И вот он выступает на собрании: “Наконец-то я понял, зачем в театре нужна профсоюзная организация. Она нужна для того, чтобы были учтены интересы не только отдельного члена профсоюза, но и организации. И в этом заслуга одного человека – Ивана Ивановича Краско. Я ему глубоко благодарен”. Я чуть не умер после таких слов. Это был поворот на 180 градусов. Да и для всех его выступление было бомбой.
– Коллеги вас поддерживали?
– Все были “за”, но – за кулисами. Для меня была важна эта поддержка, хоть она и была молчаливая. Артист очень зависимый человек, особенно если не занимает ведущего положения в театре. Например, Копелян мог сказать Товстоногову: “Георгий Александрович, вы взяли вот эту актрису, не спрашивая нашего мнения, а уволить ее хотите с помощью худсовета. Вам не кажется, что это не совсем пристойно?” И после этих слов Товстоногов снимал вопрос.
– Так мог сказать только Копелян?
– Да. Больше никто. Все молчали. Те, кто говорил, уходили из театра.
Юрский мог спрашивать только по творческим вопросам. При мне Товстоногов говорил ему: “Сегодня надо стараться играть, как премьеру”. – “Но у меня сегодня совсем другое самочувствие”, – отвечает Юрский. “И что вы предлагаете? Как вы будете сегодня играть?” – “Мне кажется, сегодня я буду играть так, как могу играть сегодня”. – “Ну, правильно. Вы сами себе и ответили”.
– Почему из ленинградских театров самым известным в Союзе был БДТ? Другие были серые, что ли?
– Это действительно было так. До Товстоногова Стржельчик был эдаким “голубым” героем, который играл что-то типа “труля-ля-ля”, а при Товстоногове стал великим артистом. Товстоногов был гением режиссуры, он открывал в актере самую главную струну. У него звучали все артисты в театре.
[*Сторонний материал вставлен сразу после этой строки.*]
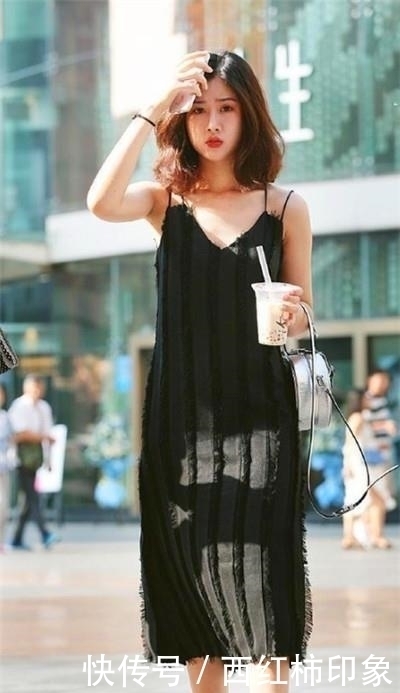 青春活力|街拍貌美肤白的小姐姐,秀出青春活力范,养眼又好看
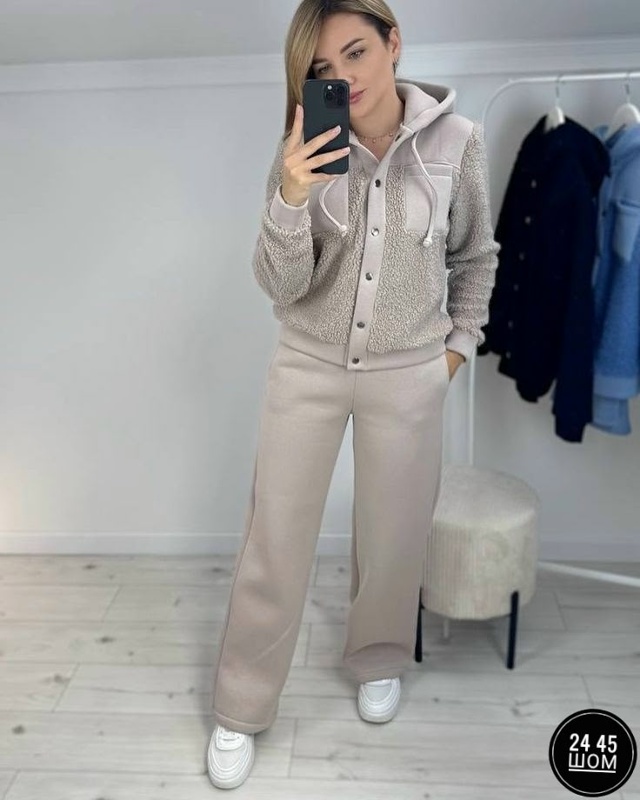 Костюм 23155324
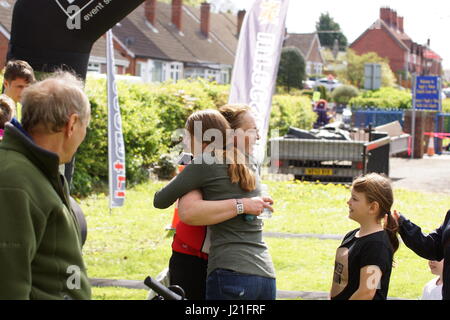 Boofzheim, Wrexham, Royaume-Uni. 23 avril, 2017. Le week-end le temps était parfait pour les triathlètes de tout le nord ouest de la concurrence sur le triathlon annuel à Chirk organisé par le Club de triathlon Wrecsam. Photo : Alamy/Pimborough Live News. Banque D'Images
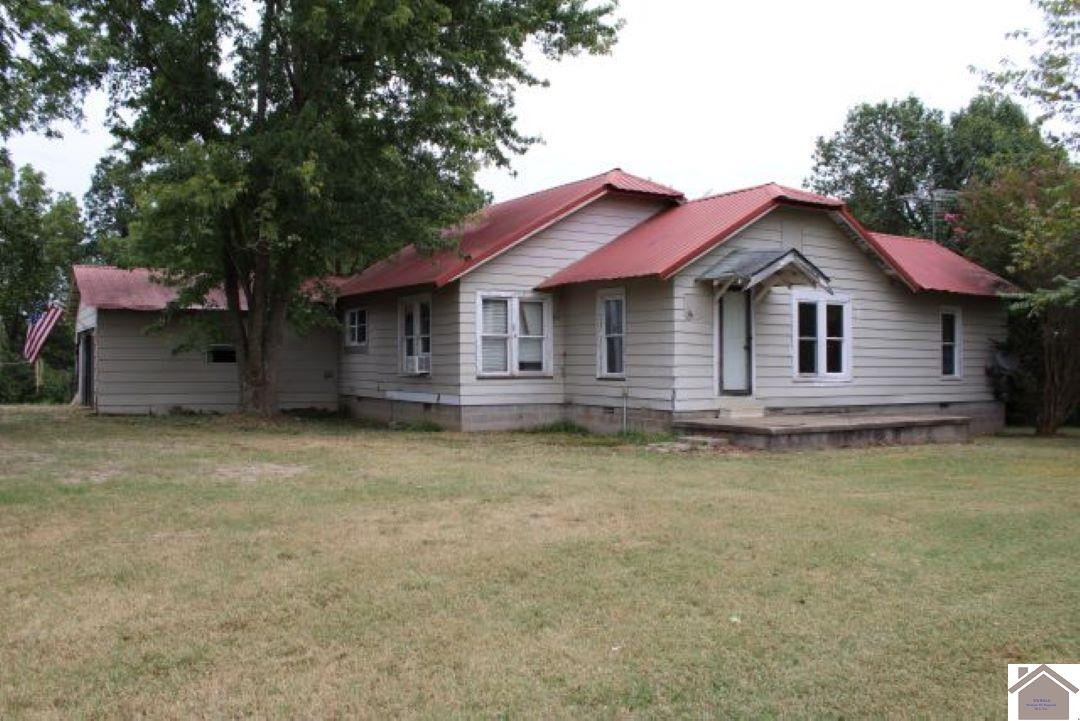 2618 Hudson Road Fulton, KY 42041 - Photo 3 of 3 house Front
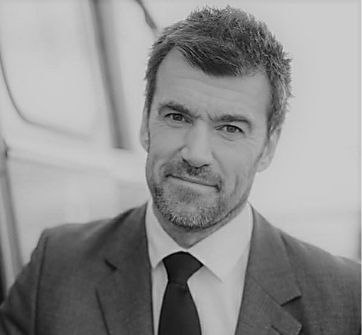 CHRIS ANDREW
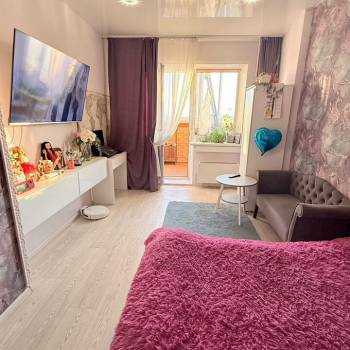Продается 1-комнатная квартира, 37,4 м²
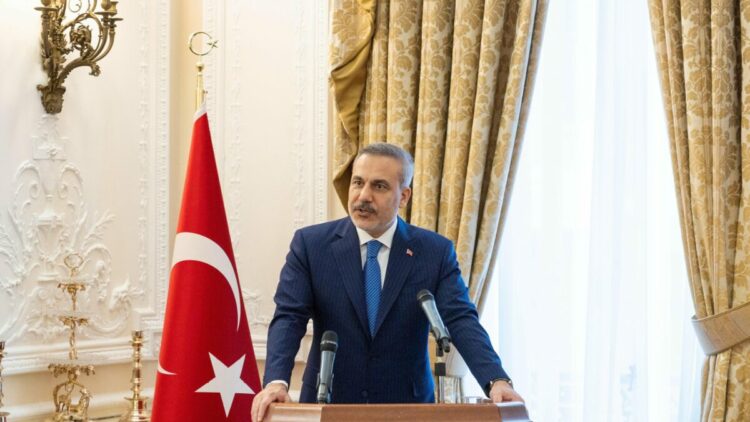 Dışişleri Bakanı Fidan, Londra’da Türk iş insanlarıyla buluştu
Почему, когда Лавров предложил ему Луспекаева, он сразу вцепился в него? У него было звериное чутье на дарование. Потом он говорил: “С приходом Луспекаева поменялась природа существования актеров театра”.
– А почему ушел Юрский?
– Юрский был равноценен Товстоногову, но это мое субъективное мнение. После того как Юрский поставил “Фантазии Фарятьева” и булгаковского “Мольера”, Товстоногов вынужден был ему сказать: “Два медведя в одной берлоге не уживаются”.
Подозреваю, что сказал он это не без влияния обкома партии. Всем известны слова Романова про Юрского: “Чего этот еврей заполонил там сцену?” Надо сказать, что спектакли Юрского пользовались громадным успехом. Вскоре он уехал.
– Вы столько лет на сцене. Не надоело?
– Абсолютно нет. Кто-то мне передал слова Кирилла Лаврова, дескать, в восемьдесят лет стыдно появляться на сцене. Я даже переспросил: неужели Кирилл так сказал? Не мог он так сказать. Настоящий артист мечтает умереть на сцене.
Другое дело, что может быть трудно или сложно. Но – не стыдно! Это же зов души. В детстве я стеснялся сказать взрослым, что хочу быть артистом. Боялся, что засмеют. Я скрывал свои желания до того, пока не стал мичманом.